You can't choose your family, so it goes.

Satirical science-fiction war history books don't have too much time to discuss family issues, there's enough going on. However, ruminating on the big ideas Kurt Vonnegut's unique tale Slaughterhouse Five alludes to, a new approach to the argument of fate vs. free will emerges and applies to the question of individuality.

Tralfamadorian mantras teach us to go with the flow, "so it goes". Their all encompassing view of time, the goal to be "unstuck" from the "amber" that holds us, actually seems to me a more binding theory. In regards to the individuality issue, a Tralfamadorian would simply state that one was born to his or her parents, and that moment and the moments that shaped said being have, are, and will always be in existence the way they were meant to be. The idea of a deviant cannot exist if their concept were to be taken very literally.

By the way the aliens present their theory, itt sounds like good living without the consciousness of time, surfing moments as they pass. However, the fact that one's personality as they grow can be questioned stems from us "Earthlings" being more concerned with free will. It's a bottomless concept and goes against the seemingly peaceful wisdom of the Tralfamadorians, but I would say it's a key vehicle of change.

None of us wish to be exactly like our parents. Evolution of ideas and modifications of the system would not have it.

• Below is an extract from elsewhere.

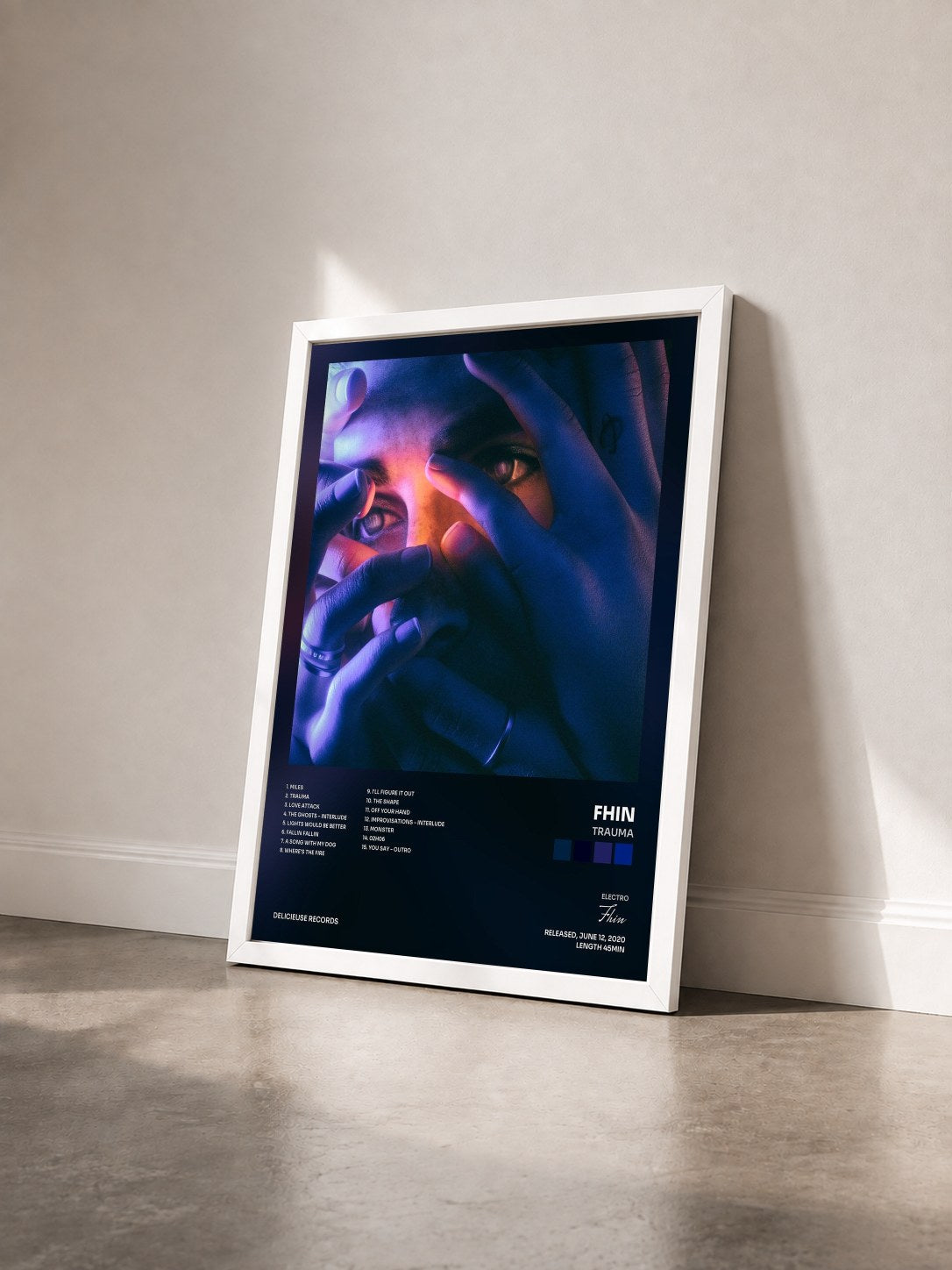 #blanc Tableau de l'album Trauma de Fhin vu de trois quarts, cadre blanc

Humans may rebel against the system a bit too often or try to take matters into their own hands, despite some wisdom from parent's experiential guidance. But the guts to go against time's mandates, being neither stuck or unstuck as the Tralfamadorian dictionary would describe it, I think brings us to enlightenment and mostly good development.

I would rather we not all be of the same, or seven different sexes, all with no distinct characterization. A crowd of palm faces and plunger butts with no want of control, aware of their imminent doom because one guy pushes a button. That kinda freaks me out.